Time | Feedback Repeats | Level |
---|---|---|
Viertel | 1 | 100% |
Die Formel, um nur mithilfe des Songtempos in BPM auf die Delaytime zu kommen, lautet für Viertel:
60000 : BPM des Stückes
Multi Delays
Viele der Ideen, die ich bereits vorgestellt habe, kann man nun miteinander kombinieren und genau das haben David Gilmour oder auch U2s The Edge getan. Dabei kamen sie auf die Idee, ein punktiertes Delay mit einem Viertel- oder aber auch Achteldelay zu kombinieren.
Den Anfang überlassen wir dem Pink Floyd Song “Run like Hell” vom Album “The Wall”, bei dem David Gilmour wohl ein Binson Echorec einsetzte. Für den Sound müsst ihr im Prinzip ein Delay auf Viertel und das andere auf punktierte Achtel setzen. Im konkreten Fall wären das bei einem Songtempo von 120 BPM eine Delay Time von 375 ms mit ca. 7 Wiederholungen und 100% Effektlevel, beim zweiten Delay dann 500 ms, 7 Wiederholungen und einem minimal niedrigeren Effektlevel.

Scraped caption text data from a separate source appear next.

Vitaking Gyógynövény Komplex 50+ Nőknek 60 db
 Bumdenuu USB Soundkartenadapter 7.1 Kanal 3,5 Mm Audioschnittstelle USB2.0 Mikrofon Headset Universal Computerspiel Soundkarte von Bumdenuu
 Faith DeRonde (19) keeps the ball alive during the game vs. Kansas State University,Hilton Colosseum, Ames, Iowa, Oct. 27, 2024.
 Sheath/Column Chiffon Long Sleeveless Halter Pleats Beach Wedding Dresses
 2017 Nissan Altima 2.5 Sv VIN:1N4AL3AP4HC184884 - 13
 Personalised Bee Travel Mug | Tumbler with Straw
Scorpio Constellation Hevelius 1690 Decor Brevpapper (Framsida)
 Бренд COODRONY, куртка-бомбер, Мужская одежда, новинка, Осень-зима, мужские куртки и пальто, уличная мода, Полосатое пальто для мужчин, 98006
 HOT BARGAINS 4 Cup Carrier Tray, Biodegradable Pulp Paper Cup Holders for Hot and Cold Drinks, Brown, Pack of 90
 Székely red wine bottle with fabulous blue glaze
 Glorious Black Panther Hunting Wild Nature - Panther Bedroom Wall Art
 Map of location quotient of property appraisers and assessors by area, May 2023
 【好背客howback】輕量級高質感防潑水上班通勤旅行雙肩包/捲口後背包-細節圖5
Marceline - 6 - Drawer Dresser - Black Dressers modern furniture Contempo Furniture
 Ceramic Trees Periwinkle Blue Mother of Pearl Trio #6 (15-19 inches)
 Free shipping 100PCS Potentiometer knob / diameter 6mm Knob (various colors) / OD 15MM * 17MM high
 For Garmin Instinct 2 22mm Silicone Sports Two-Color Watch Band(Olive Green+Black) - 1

Delaytime 1 | Feedback 1 | Level 1 | Delaytime 2 | Feedback 2 | Level 2 |
---|---|---|---|---|---|
374 | 7 | 100% | 500 | 7 | ca. 80% |
The Edge von U2 ist natürlich ebenfalls für seine Delays berühmt, von denen er gelegentlich sogar mehr als nur zwei verschiedene Modelle einsetzt. Für den Song “Where the streets have no name” reicht uns jedoch ein Dual Delay, das ganz ähnlich gesetzt ist wie bei “Run like Hell”, allerdings mit weniger Repeats auskommt. Das Songtempo ist 122 BPM und die Delaytime ist entsprechend angepasst, um die gewünschte Subdivision zu erzeugen.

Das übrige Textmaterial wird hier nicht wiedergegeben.